Pour le moyeu de ventilateur du GP7200, des inspections fréquentes ont été nécessaires une fois le processus de panne compris. Depuis le 21 novembre 2019, les inspections par courants de Foucault et ultrasons doivent être effectuées tous les 330 cycles. Parce que les pales du ventilateur doivent être retirées pendant inspections, l’anneau de verrouillage de la lame a été repensé pour réduire le risque d’endommager la face avant du moyeu.

Pour comprendre le mode de défaillance, les enquêteurs devaient d’abord trouver le moyeu du ventilateur de l’accident, qui leur a échappé pendant près de 20 mois. Les débris tombés de l’avion s’étaient dispersés, car leur vitesse et leurs caractéristiques aérodynamiques étaient différentes. L’emplacement du moyeu était donc distinct de la zone où la plupart des autres pièces ont heurté le sol et le phénomène de percolation de la région a fait couler la pièce.

Pour ces raisons, des vols d’hélicoptères de recherche début octobre 2017 ont trouvé d’autres pièces, telles que des fragments de pales de ventilateur. Mais les chutes de neige ont rapidement recouvert la surface, amenant les enquêteurs à trouver d’autres moyens de récupérer les débris manquants.

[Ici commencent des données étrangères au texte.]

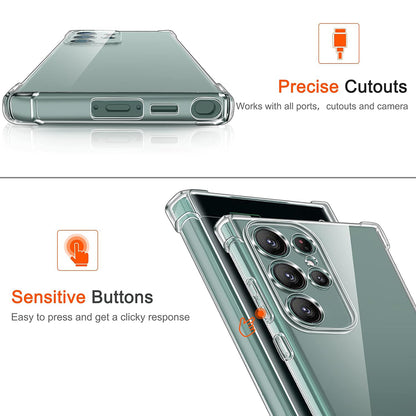 Case for Samsung Galaxy S22 Ultra 5G S908, Techsuit, Shockproof Clear, Transparent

La deuxième phase a commencé, mais plusieurs méthodes se sont avérées inefficaces.

Finalement, un radar aéroporté à synthèse d’ouverture, développé par le centre de recherche aérospatiale français ONERA, a réussi. Le système expérimental utilise une télécommande d’imagerie hyperfréquence (SETHI) et peut «voir» une grande bande sous la glace et la neige avec une résolution de 20 cm (8 po). Le système radar était porté par un avion d’affaires Dassault Falcon 20 modifié.

Les couches hétérogènes de glace et de neige ont toutefois perturbé le signal radar, explique Jouty. L’organisation de la sonde et le créneau météo ont donné à l’ONERA un temps limité lors de la deuxième phase. Un algorithme développé sur place s’est avéré utile ainsi que l’utilisation de trois fréquences et la combinaison d’images, dit Jouty. L’ONERA pourrait suggérer six emplacements cibles, mais les ingénieurs ont exprimé une confiance limitée dans leurs résultats. Les cibles se sont révélées être de faux positifs.

Les ingénieurs de l’ONERA, convaincus que la poursuite du traitement des données SETHI fournirait des résultats solides, ont persisté.

Pendant ce temps, Pratt & Whitney a affiné l’analyse des échecs. Parce que la forme, le poids et la vitesse de la pièce manquante ont été calculés avec plus de précision, le calcul balistique pourrait également être affiné, conduisant à une idée plus précise de l’endroit où explorer.

Le dernier maillon de la chaîne de recherche était un système électromagnétique transitoire remorqué mis au point par l’Université danoise d’Aarhus. Il a été modifié pour les besoins du BEA et testé sur un glacier suisse. Le 23 mai 2019, un «signal sans ambiguïté» a été acquis et le hub a ensuite été découvert à 3,3 m sous la surface.